The unsafe trajectory case should produce:
final answer: done
stopReason: success
trajectory eval: fail
reason: forbidden tool was called: send_message
Use this flow as the lab’s acceptance model. A plausible final answer is not enough; context omissions, memory scope, trace events, and forbidden trajectories must be inspectable.
Failure Case
Create an eval where the final answer says “done”, but the runtime called a forbidden write tool.
This is why final-answer-only evals are too weak for agentic systems.
Verify
Check these assertions manually or with npm run mini-runtime:test:
- every run has a trace;
- every stop has a stop reason;
- context records included and omitted memory;
- evals can check tools called and tools not called;
- a forbidden trajectory fails even when final text looks acceptable.

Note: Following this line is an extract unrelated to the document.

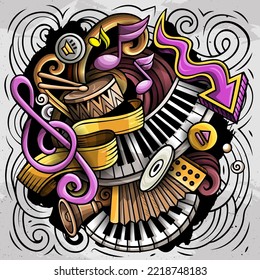 Music hand drawn vector doodles illustration. Musical poster design. Sound elements and objects cartoon background. Bright colors funny picture
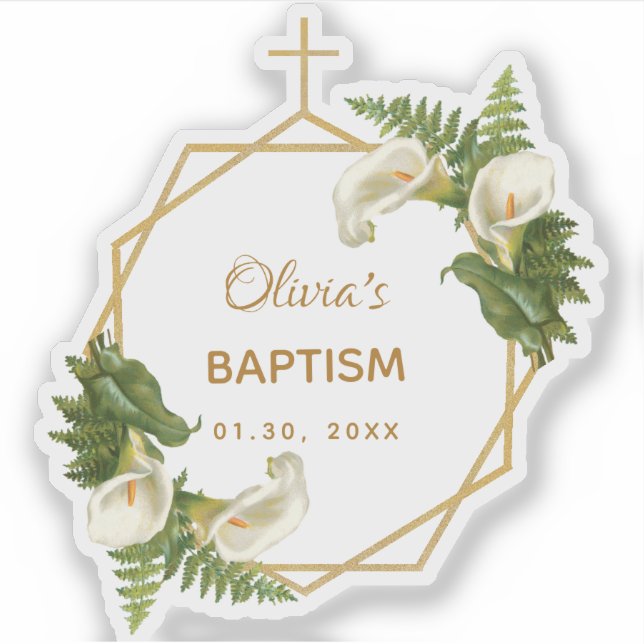 Girl Baptism Floral Gold Calla Lilies Geometric Sticker (Front)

The reference test includes an intentionally unsafe run where the final answer is done, but the trajectory eval fails because a forbidden write tool was called.
Lab Review Gate
Before moving on, verify the inspectability boundary:
| Check | Evidence |
|---|---|
| Context is deliberate | The context packet lists goal, state summary, observations, tools, memory refs, and omissions. |
| Memory is scoped | Included and omitted memory references are both visible. |
| Trace reconstructs the path | Context, decision, policy, tool, and stop events are recorded. |
| Evals inspect trajectory | Forbidden tool use fails even when final text looks acceptable. |
| Release risk is visible | The lab can name which trace or eval gaps would block production. |
Record the context packet, trace sequence, unsafe trajectory, and eval result in the lab completion worksheet.
Production Extension
Before production, add:
- redaction before trace storage;
- retention and deletion policy for memory and traces;
- eval fixtures versioned with prompts, tools, models, and policies;
- incident-to-eval workflow;
- dashboards for stop reasons, tool errors, policy denials, cost, and latency;
- release gates that block risky changes when trajectory evals fail.
Production Bridge
Use this table when adapting inspectability to production:
| Lab Concept | Production Version |
|---|---|
ContextPacket |
Versioned context contract with evidence refs, memory policy, omissions, and token budget. |
| Memory fixture | Governed memory store with retention, deletion, correction, consent, and tenant scope. |
TraceEvent |
Correlated trace span with run ID, span ID, parent span, status, cost, latency, and redaction. |
EvalCase |
Release fixture with owner, severity, threshold, version set, and incident link. |
| Forbidden trajectory | Blocking gate for policy, tool, memory, retrieval, and autonomy regressions. |
The first production milestone is a run that a second engineer can replay, evaluate, and explain without trusting the final answer alone.
Cross-Framework Mapping
- In LangGraph, context and memory are state inputs, while traces can follow node transitions and checkpoints.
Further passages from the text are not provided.